Publicidade
in

Ataques petrolíferos sauditas: EUA dizem que inteligência mostra o Irã envolvido

Publicidade

Os Estados Unidos emitiram imagens de satélite e citaram informações para apoiar sua alegação de que o Irã estava por trás de ataques às principais instalações petrolíferas sauditas.

O Irã nega envolvimento nos ataques aéreos de sábado, que foram reivindicados pelos rebeldes houthis alinhados ao Irã no Iêmen.

Autoridades norte-americanas, sem nome, falando com a mídia americana e internacional dizem que a direção e a extensão dos ataques põem em dúvida o envolvimento de Houthi.

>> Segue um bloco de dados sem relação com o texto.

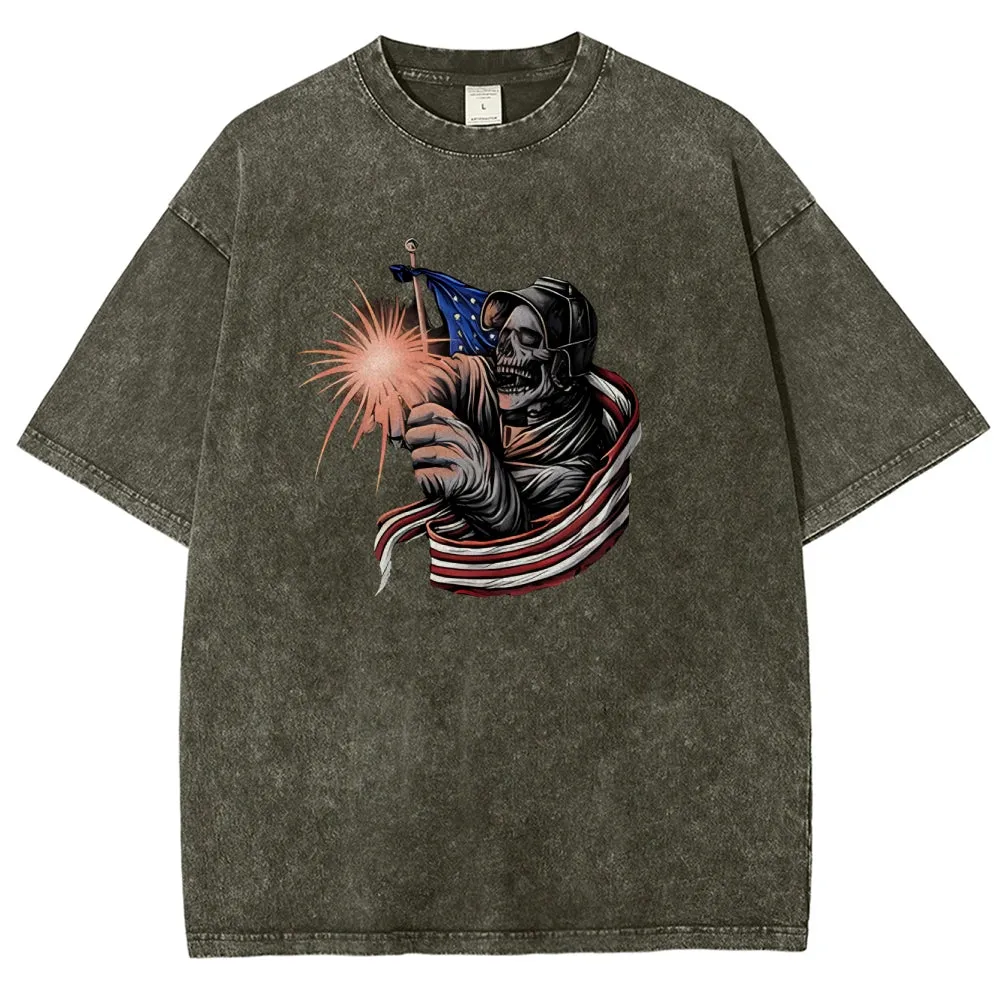 Unisex American Flag With Skull Graphic Vintage Washed Tee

O incidente reduziu o suprimento global de petróleo em 5% e os preços dispararam.

Publicidade
Publicidade

O que os EUA estão dizendo?
O secretário de Estado Mike Pompeo culpou o Irã no fim de semana, sem fornecer nenhuma evidência, levando Teerã a acusar Washington de fraude.

Tweetando no domingo, o presidente Donald Trump parou de acusar diretamente o Irã, mas sugeriu uma possível ação militar uma vez que o agressor era conhecido.

Autoridades americanas sem nome têm falado com o New York Times, ABC e Reuters.

Uma autoridade disse que houve 19 pontos de impacto sobre os alvos e os ataques vieram de uma direção oeste-noroeste-oeste – e não de um território controlado por houthis no Iêmen, que fica a sudoeste das instalações petrolíferas sauditas.

Publicidade

As autoridades disseram que isso poderia sugerir locais de lançamento no norte do Golfo, Irã ou Iraque.

Publicidade

Uma coalizão liderada pela Arábia Saudita no Iêmen acusou o Irã de fornecer as armas

Uma imagem de close-up de tanques danificados na planta de processamento de Abqaiq (incluída acima) parecia mostrar pontos de impacto no lado oeste.

Outras imagens parecem mostrar danos no campo petrolífero de Khurais, localizado mais a oeste.

Publicidade

O Iraque negou no fim de semana que os ataques foram lançados de seu território. O primeiro-ministro Adel Abdul Mahdi disse que Pompeo o garantiu por telefone na segunda-feira que os EUA apoiavam a posição do Iraque.

Autoridades citadas pelo New York Times disseram que uma mistura de drones e mísseis de cruzeiro poderia ter sido usada, mas que nem todos atingiram seus alvos em Abqaiq e Khurais.

Publicidade

A China e a União Européia pediram, separadamente, restrições.

O enviado da ONU para o Iêmen, Martin Griffiths, disse ao Conselho de Segurança na segunda-feira que “não está totalmente claro” quem está por trás da greve, mas ele disse que aumentou as chances de um conflito regional.

Publicidade

No Reino Unido, o secretário de Relações Exteriores, Dominic Raab, também disse que ainda não está claro quem é o responsável, mas considerou o ato uma “violação arbitrária do direito internacional”.

O que os mercados de petróleo estão fazendo?
O preço do petróleo registrou o maior aumento em um dia desde a Guerra do Golfo de 1991, subindo 20%, mas caindo mais tarde.

O benchmark internacional usado pelos traders, o petróleo Brent, saltou para US $ 71,95 (£ 57,53) por barril em um ponto.

Publicidade

Ele se referia à “campanha de pressão máxima” declarada pelo governo Trump, que tem como alvo o Irã com sanções desde que Washington retirou um acordo internacional para limitar o escopo do programa nuclear do Irã.

Publicidade

Como se desenrolaram os ataques de sábado?
Os ataques atingiram Abqaiq, o local da maior planta de processamento de petróleo do mundo, administrada pela empresa de petróleo do estado saudita, Aramco, e pelo campo de petróleo de Khurais.

Khurais é o alvo mais próximo da fronteira com o Iêmen – ainda a 770 km (480 milhas) de distância.

Escritor por [email protected]

Equipe de redatores do Jornal Útil. Análise de qualidade e relevâncias dos temas que são postados em nosso site.